__Data block__:
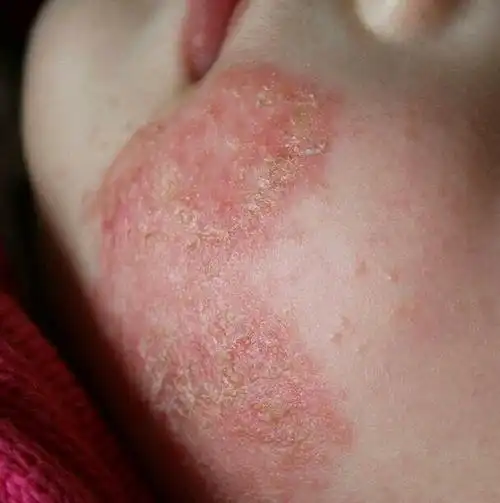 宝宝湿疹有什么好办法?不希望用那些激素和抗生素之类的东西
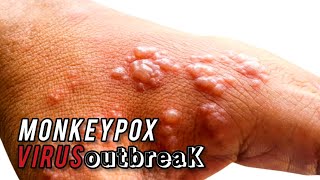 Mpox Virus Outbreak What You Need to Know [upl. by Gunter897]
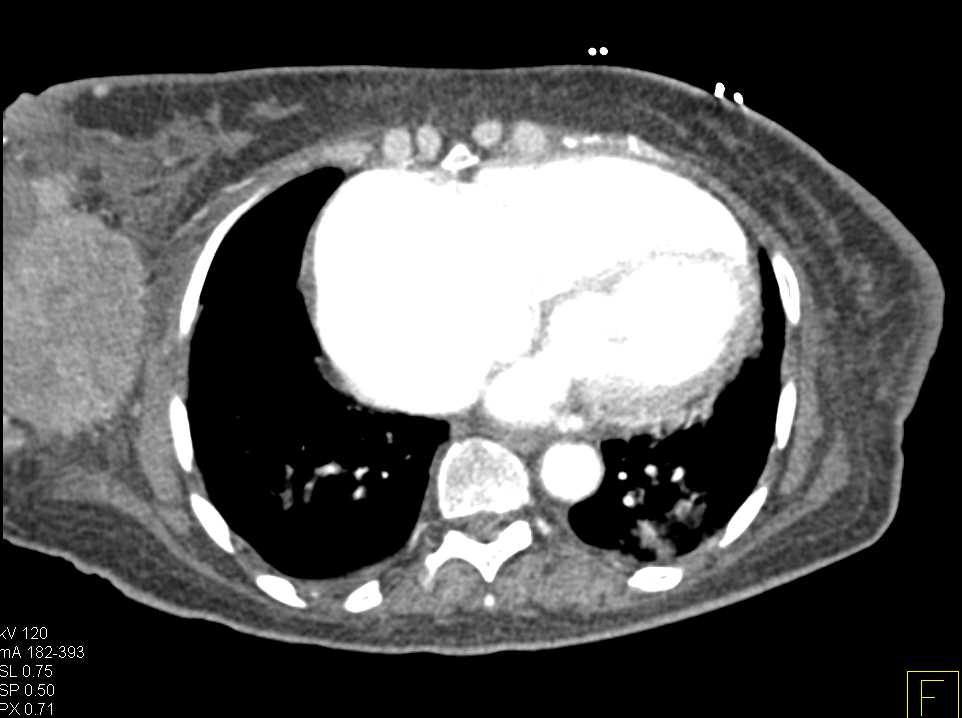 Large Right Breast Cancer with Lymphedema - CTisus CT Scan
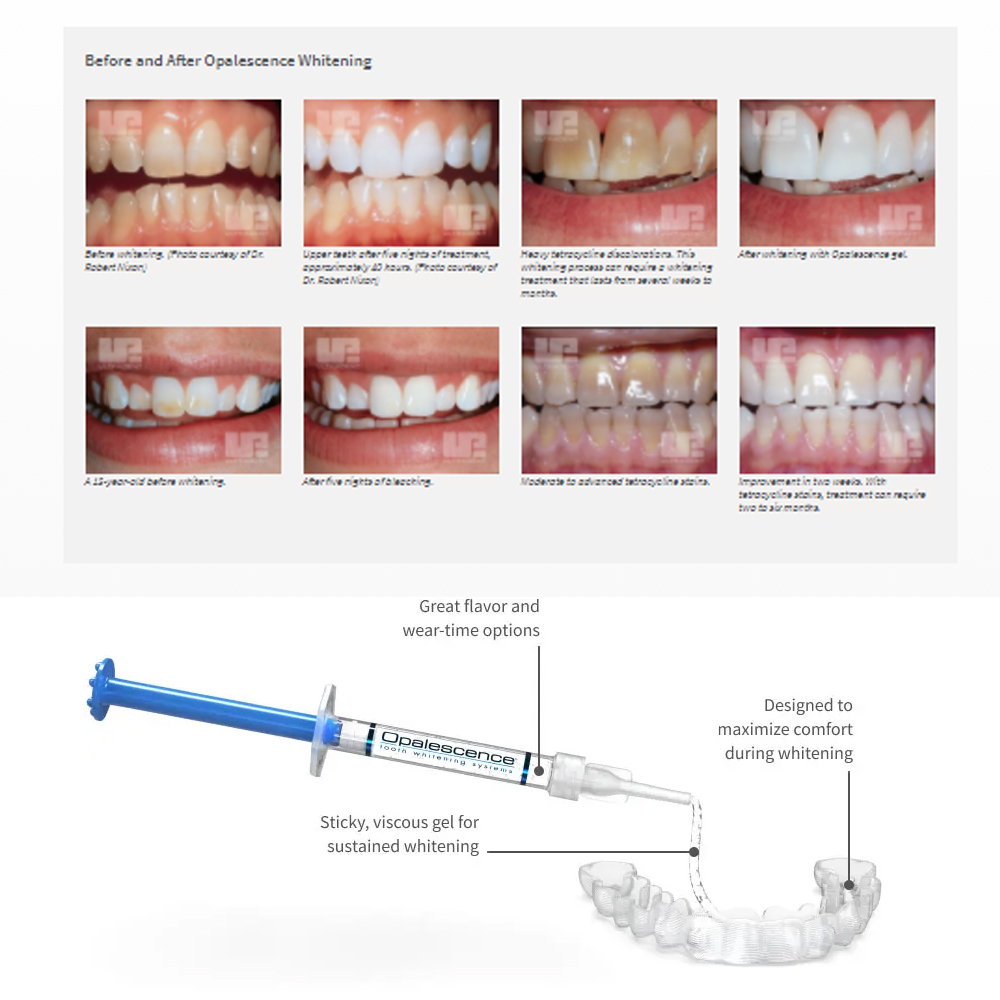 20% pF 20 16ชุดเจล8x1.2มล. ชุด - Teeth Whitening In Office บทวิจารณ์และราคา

__What you should do__: Drop the pictures, then repeat the material word for word.

__Exercise solution__:
 宝宝湿疹有什么好办法?不希望用那些激素和抗生素之类的东西
 Mpox Virus Outbreak What You Need to Know [upl. by Gunter897]
 Large Right Breast Cancer with Lymphedema - CTisus CT Scan
 20% pF 20 16ชุดเจล8x1.2มล. ชุด - Teeth Whitening In Office บทวิจารณ์และราคา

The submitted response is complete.